*** Opening PROVIDED ENTRIES ***
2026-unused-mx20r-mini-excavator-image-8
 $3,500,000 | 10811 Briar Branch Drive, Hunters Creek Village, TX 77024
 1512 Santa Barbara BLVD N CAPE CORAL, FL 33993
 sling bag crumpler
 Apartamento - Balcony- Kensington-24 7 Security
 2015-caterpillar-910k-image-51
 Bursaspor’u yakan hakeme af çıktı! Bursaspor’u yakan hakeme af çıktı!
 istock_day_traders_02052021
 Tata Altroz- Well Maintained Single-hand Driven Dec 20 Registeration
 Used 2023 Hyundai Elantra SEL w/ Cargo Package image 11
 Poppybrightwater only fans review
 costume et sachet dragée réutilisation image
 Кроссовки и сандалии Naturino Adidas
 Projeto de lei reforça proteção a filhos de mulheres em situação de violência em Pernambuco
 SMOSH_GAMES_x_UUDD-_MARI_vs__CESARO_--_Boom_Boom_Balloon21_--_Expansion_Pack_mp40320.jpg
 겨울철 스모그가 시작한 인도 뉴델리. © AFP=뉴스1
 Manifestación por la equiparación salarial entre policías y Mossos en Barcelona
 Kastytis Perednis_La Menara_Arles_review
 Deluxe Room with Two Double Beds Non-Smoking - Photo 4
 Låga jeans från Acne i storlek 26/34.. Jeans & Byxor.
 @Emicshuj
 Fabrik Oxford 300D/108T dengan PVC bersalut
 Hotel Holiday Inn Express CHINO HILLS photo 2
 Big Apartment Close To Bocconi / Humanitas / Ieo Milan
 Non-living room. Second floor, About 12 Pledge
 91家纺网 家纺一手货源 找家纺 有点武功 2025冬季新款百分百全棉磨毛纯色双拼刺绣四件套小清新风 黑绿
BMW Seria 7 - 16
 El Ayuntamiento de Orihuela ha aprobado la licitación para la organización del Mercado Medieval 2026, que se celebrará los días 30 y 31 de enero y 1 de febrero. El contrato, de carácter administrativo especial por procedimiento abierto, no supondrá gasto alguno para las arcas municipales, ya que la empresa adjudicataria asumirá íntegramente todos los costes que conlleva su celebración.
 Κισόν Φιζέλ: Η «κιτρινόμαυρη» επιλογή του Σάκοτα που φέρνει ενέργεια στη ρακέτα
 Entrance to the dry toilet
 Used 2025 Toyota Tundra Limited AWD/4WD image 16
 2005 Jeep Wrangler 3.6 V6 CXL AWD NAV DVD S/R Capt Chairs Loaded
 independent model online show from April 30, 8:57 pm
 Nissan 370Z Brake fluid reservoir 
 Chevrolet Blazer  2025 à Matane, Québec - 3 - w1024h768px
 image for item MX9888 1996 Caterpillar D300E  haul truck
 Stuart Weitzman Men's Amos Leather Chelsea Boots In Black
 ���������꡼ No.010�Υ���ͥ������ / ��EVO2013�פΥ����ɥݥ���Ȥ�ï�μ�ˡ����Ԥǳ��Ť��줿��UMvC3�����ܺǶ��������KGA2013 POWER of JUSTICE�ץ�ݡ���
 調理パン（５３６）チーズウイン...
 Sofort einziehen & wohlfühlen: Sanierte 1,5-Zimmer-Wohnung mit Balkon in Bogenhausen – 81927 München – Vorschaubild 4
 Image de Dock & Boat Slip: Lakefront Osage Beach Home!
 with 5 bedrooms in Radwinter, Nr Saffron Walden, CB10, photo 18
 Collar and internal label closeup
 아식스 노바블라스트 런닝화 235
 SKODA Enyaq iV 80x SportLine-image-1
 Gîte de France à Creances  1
*** Closing PROVIDED ENTRIES ***
◆ TASK REQUIREMENTS ◆
Whole listing, every line: reproduce it exactly.

◆ RESULT OF THE TASK ◆
2026-unused-mx20r-mini-excavator-image-8
 $3,500,000 | 10811 Briar Branch Drive, Hunters Creek Village, TX 77024
 1512 Santa Barbara BLVD N CAPE CORAL, FL 33993
 sling bag crumpler
 Apartamento - Balcony- Kensington-24 7 Security
 2015-caterpillar-910k-image-51
 Bursaspor’u yakan hakeme af çıktı! Bursaspor’u yakan hakeme af çıktı!
 istock_day_traders_02052021
 Tata Altroz- Well Maintained Single-hand Driven Dec 20 Registeration
 Used 2023 Hyundai Elantra SEL w/ Cargo Package image 11
 Poppybrightwater only fans review
 costume et sachet dragée réutilisation image
 Кроссовки и сандалии Naturino Adidas
 Projeto de lei reforça proteção a filhos de mulheres em situação de violência em Pernambuco
 SMOSH_GAMES_x_UUDD-_MARI_vs__CESARO_--_Boom_Boom_Balloon21_--_Expansion_Pack_mp40320.jpg
 겨울철 스모그가 시작한 인도 뉴델리. © AFP=뉴스1
 Manifestación por la equiparación salarial entre policías y Mossos en Barcelona
 Kastytis Perednis_La Menara_Arles_review
 Deluxe Room with Two Double Beds Non-Smoking - Photo 4
 Låga jeans från Acne i storlek 26/34.. Jeans & Byxor.
 @Emicshuj
 Fabrik Oxford 300D/108T dengan PVC bersalut
 Hotel Holiday Inn Express CHINO HILLS photo 2
 Big Apartment Close To Bocconi / Humanitas / Ieo Milan
 Non-living room. Second floor, About 12 Pledge
 91家纺网 家纺一手货源 找家纺 有点武功 2025冬季新款百分百全棉磨毛纯色双拼刺绣四件套小清新风 黑绿
BMW Seria 7 - 16
 El Ayuntamiento de Orihuela ha aprobado la licitación para la organización del Mercado Medieval 2026, que se celebrará los días 30 y 31 de enero y 1 de febrero. El contrato, de carácter administrativo especial por procedimiento abierto, no supondrá gasto alguno para las arcas municipales, ya que la empresa adjudicataria asumirá íntegramente todos los costes que conlleva su celebración.
 Κισόν Φιζέλ: Η «κιτρινόμαυρη» επιλογή του Σάκοτα που φέρνει ενέργεια στη ρακέτα
 Entrance to the dry toilet
 Used 2025 Toyota Tundra Limited AWD/4WD image 16
 2005 Jeep Wrangler 3.6 V6 CXL AWD NAV DVD S/R Capt Chairs Loaded
 independent model online show from April 30, 8:57 pm
 Nissan 370Z Brake fluid reservoir 
 Chevrolet Blazer  2025 à Matane, Québec - 3 - w1024h768px
 image for item MX9888 1996 Caterpillar D300E  haul truck
 Stuart Weitzman Men's Amos Leather Chelsea Boots In Black
 ���������꡼ No.010�Υ���ͥ������ / ��EVO2013�פΥ����ɥݥ���Ȥ�ï�μ�ˡ����Ԥǳ��Ť��줿��UMvC3�����ܺǶ��������KGA2013 POWER of JUSTICE�ץ�ݡ���
 調理パン（５３６）チーズウイン...
 Sofort einziehen & wohlfühlen: Sanierte 1,5-Zimmer-Wohnung mit Balkon in Bogenhausen – 81927 München – Vorschaubild 4
 Image de Dock & Boat Slip: Lakefront Osage Beach Home!
 with 5 bedrooms in Radwinter, Nr Saffron Walden, CB10, photo 18
 Collar and internal label closeup
 아식스 노바블라스트 런닝화 235
 SKODA Enyaq iV 80x SportLine-image-1
 Gîte de France à Creances  1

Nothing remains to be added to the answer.